1. A method for preparing a soluble phosphorylated glucan, comprising:
(a) mixing a neutral polyglucose or a polyglucose-protein complex with a strong chaotropic reagent and grinding the mixture to form a fine powder;
(b) reacting the fine powder with a strong solution of concentrated phosphoric acid to form a reaction mixture containing soluble phosphorylated glucan; and (c) recovering the resultant soluble phosphorylated glucan from the reaction mixture.

2. The method according to claim 1 in which the chaotropic reagent comprises urea.

3. The method according to claim 1, which further comprises heating the reaction mixture of step (b) to about 60-80°C for about 1-6 hours.
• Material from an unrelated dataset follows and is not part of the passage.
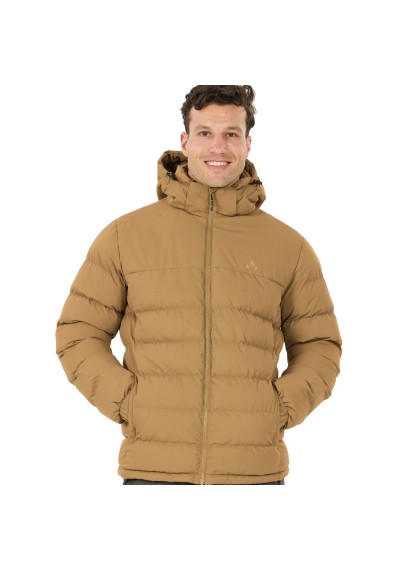 WHISTLER CARSENO M PUFF JACKET MENS ΑΝΔΡΙΚΟ ΜΠΟΥΦΑΝ-W203822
4. The method according to claim 3, in which the reaction mixture is heated to about 60-80°C:
for about 1-2 hours.

5. The method according to claim 1, in which the soluble phosphorylated glucan can is recovered by:
(a) allowing the soluble phosphorylated glucan to precipitate;
(b) adding a sufficient amount of water to resuspend the precipitated soluble.
phosphorylated glucan; and c) removing all components of less than about 10,000 daltons molecular weight.

6. The method according to claim 1, in which the neutral polyglucose comprises particulate glucan obtained from a microbial organism.

7. The method according o claim 6, in which the particulate glucan was obtained from Saccharomyces cerevisiae.